Randomly filling an histogram with variable bin length

berder · June 5, 2009, 2:18pm

Hi,

This is not really a question, but rather considerations I came across and think it should be wise to share for the records, to prevent others from the same issues.

I need to fill an histogram with a 1/x distribution, say within the [1e3;1e10] range. Unfortunately, things do not seem to work expectedly.

Here is my function :

TF1* f=new TF1("f","1./x",1e3,1e10);

Now I define three histograms in the same range, with 1000 bins of variable length so that they appear as having the same length in log scale :

const int nbins = 1000;
float scale[nbins+1];
float xmin = 1e3;
float xmax = 1e10;
float step = (log10(xmax)-log10(xmin))/nbins;
scale[0] = xmin;
for (int i=1; i<nbins+1; i++) scale[i] = pow(10,log10(scale[i-1])+step);
TH1D* h1 = new TH1D("h1","h1",nbins,scale);
TH1D* h2 = new TH1D("h2","h2",nbins,scale);
TH1D* h3 = new TH1D("h3","h3",nbins,scale);

Now let’s fill these histograms, first with the FillRandom method, then with GetRandom, and then with GetRandom again after having set the number of points of f to its maximum, that is 100000 :

h1 -> FillRandom("f",1e7);
for (int i=0; i<1e7; i++) h2->Fill(f->GetRandom());
f->SetNpx(100000);
for (int i=0; i<1e7; i++) h3->Fill(f->GetRandom());

The distribution are shown in the first attached plot (randomissue.png). I know this issue is known (see for instance here), but can’t anything be done against that ? It is not necessarily obvious when you fill histograms with a smaller number of bins, but can modify significantly the results…

Moreover, I read “TH1::Fillrandom evaluates the function in the center of the histogram bin, that is less precise than the method in TF1::GetRandom” (here), which suggests that none of these methods is very precise… Is there any workaround ?

Now, let’s say I want to check by comparing with a fixed bin width histogram.
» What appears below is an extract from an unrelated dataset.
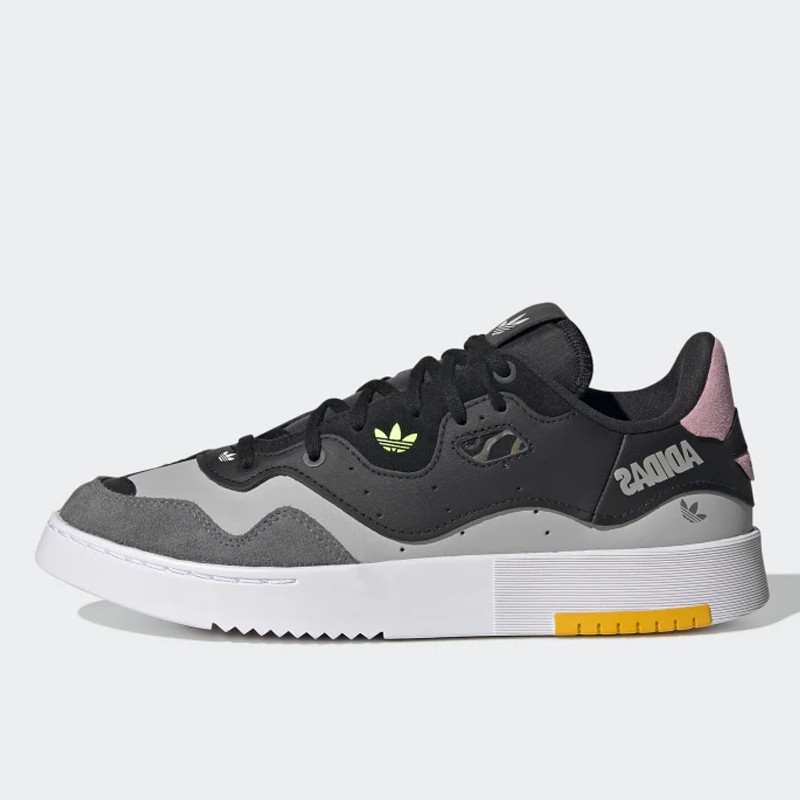 SEPATU SNEAKERS ADIDAS Wmns Supercourt XX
Again, two methods :

TH1D* hh1 = new TH1D("hh1","hh1",10000,1e3,1e10);                       
TH1D* hh2 = new TH1D("hh2","hh2",10000,1e3,1e10); 
hh1 -> FillRandom("f",1e7);                         
for (int i=0; i<1e7; i++) hh2->Fill(f->GetRandom());

And again, two different results, see second attachment (randomissue2.png).
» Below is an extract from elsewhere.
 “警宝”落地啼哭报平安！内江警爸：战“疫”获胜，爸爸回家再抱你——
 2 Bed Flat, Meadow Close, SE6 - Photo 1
Then, I Fill a new histogram (fixed bin size) with the content of the first one (variable bin size). I consider only the one obtained with FillRandow, as “by eyes” it seems the only one usable :

TH1D* hh3 = new TH1D("hh3","hh3",10000,1e3,1e10);
for (int i=0; i<1000; i++) hh3->Fill(h1->GetBinCenter(i+1),h1->GetBinContent(i+1));

According to this new histogram, it seems that the good fixed bin one is the one filled by GetRandom (see third plot, randomissue3.png)…

So it seems that GetRandom should be avoided when filling a variable bin sized histogram, and FillRandom avoided when filling a fixed bin sized histogram. Note that it may seem coherent with the fixed binning of TF1, when you think about it twice.

Any thought ?

brun · June 5, 2009, 2:48pm

A problem in FillRandom was fixed a few weeks ago and also support for variable bin size introduced. I suggest to move to either 5.23/04 or take the trunk.
About your method where you fill fix bin size histograms using 10^4 bins where your dynamic range is 10^7 cannot work, nothing to do with GetRandom.

Rene

berder · June 5, 2009, 3:05pm

Ok, this is using 5.20/00.

I am not sure to understand what you mean. What cannot work ? What would work ?

Thanks.

brun · June 5, 2009, 4:34pm

Use FillRandom from versions 5.23/04 or newer.
Concerning TF1::GetRandom, an important improvement could be obtained by systematically computing the function integral in a log scale point when log(xmax/xmin) >2 or 3 or more precisely when log(xmax/xmin) > log(npx) where npx is the parameter used in TF1::SetNpx.

Rene

brun · June 5, 2009, 8:01pm

In the SVN trunk, I have implemented the log scale binning when computing the function integral. Could you try and let me know.

Rene

berder · June 5, 2009, 8:27pm

Thanks. Unfortunately I don’t have time to install and test it until next weekend. I’ll keep you informed unless someone else test it before.